TASK REQUIREMENTS: From the line below that contains "Neuer und alter" to the line that contains "컴포트 룸, Tribe Baden Baden", repeat every line exactly, both ends included, and nothing else.

PROVIDED ENTRIES:
# # # # #

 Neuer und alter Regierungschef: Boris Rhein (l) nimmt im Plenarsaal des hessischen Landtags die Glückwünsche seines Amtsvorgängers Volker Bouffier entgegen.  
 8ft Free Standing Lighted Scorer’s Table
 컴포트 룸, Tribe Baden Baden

# # # # #

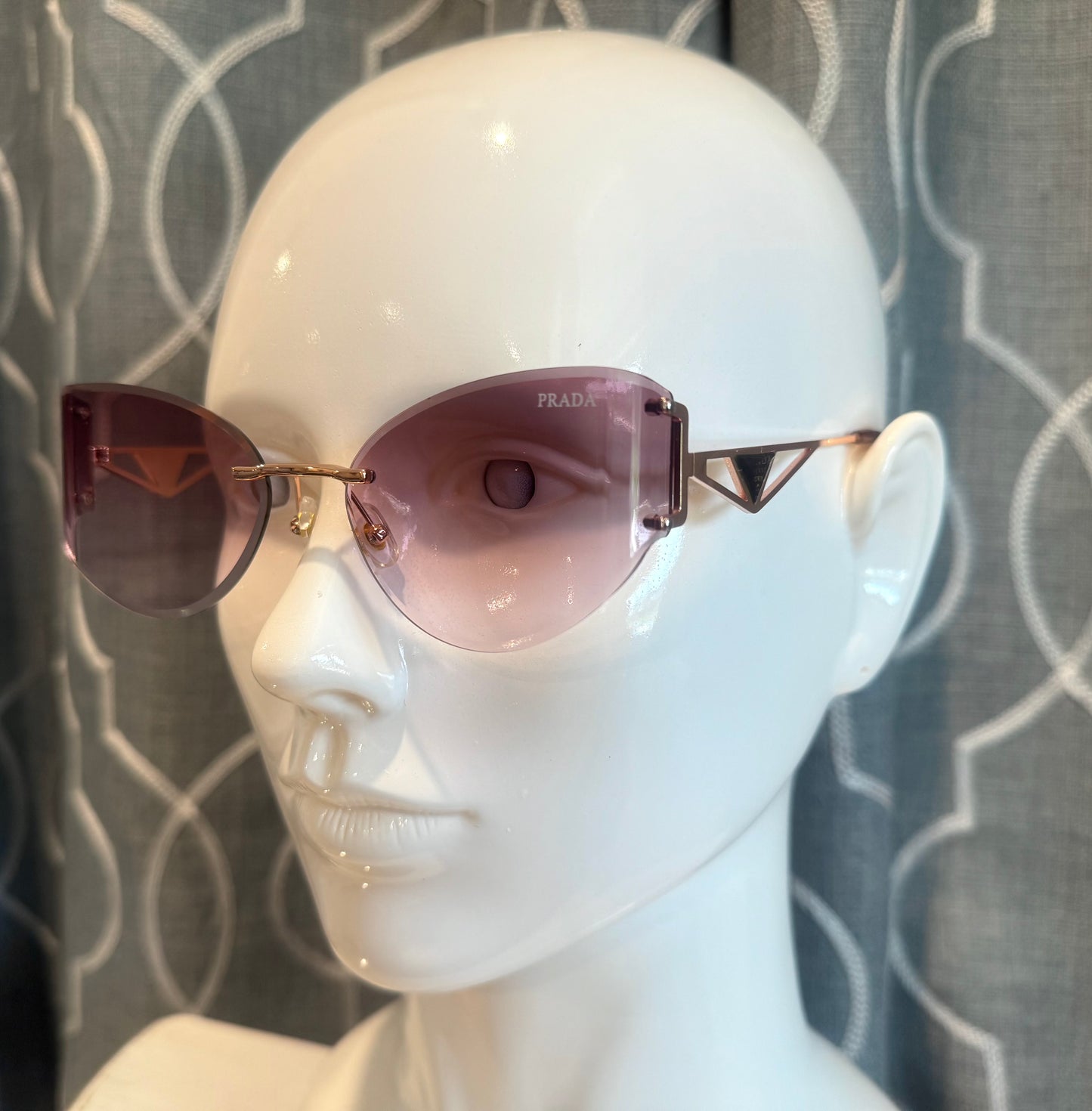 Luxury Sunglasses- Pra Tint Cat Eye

# # # # #

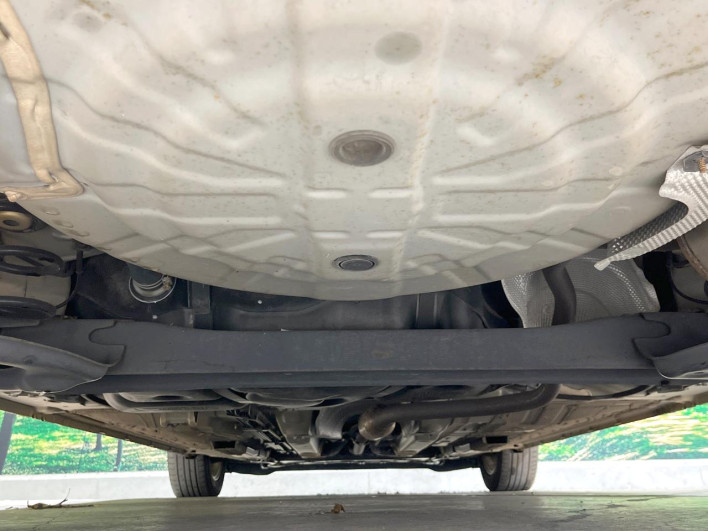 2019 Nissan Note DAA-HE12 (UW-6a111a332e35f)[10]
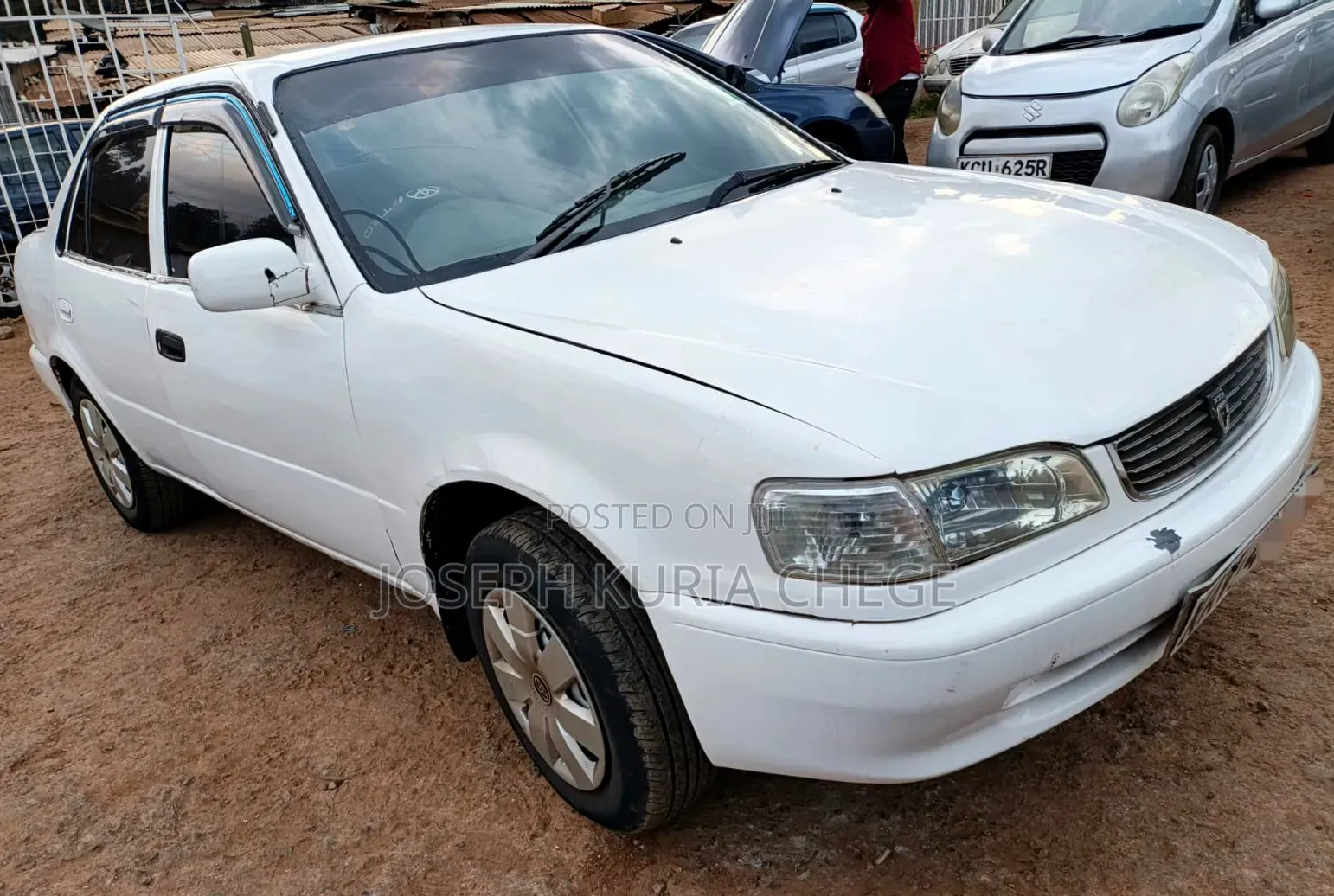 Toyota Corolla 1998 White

# # # # #

REPLY:
 Neuer und alter Regierungschef: Boris Rhein (l) nimmt im Plenarsaal des hessischen Landtags die Glückwünsche seines Amtsvorgängers Volker Bouffier entgegen.  
 8ft Free Standing Lighted Scorer’s Table
 컴포트 룸, Tribe Baden Baden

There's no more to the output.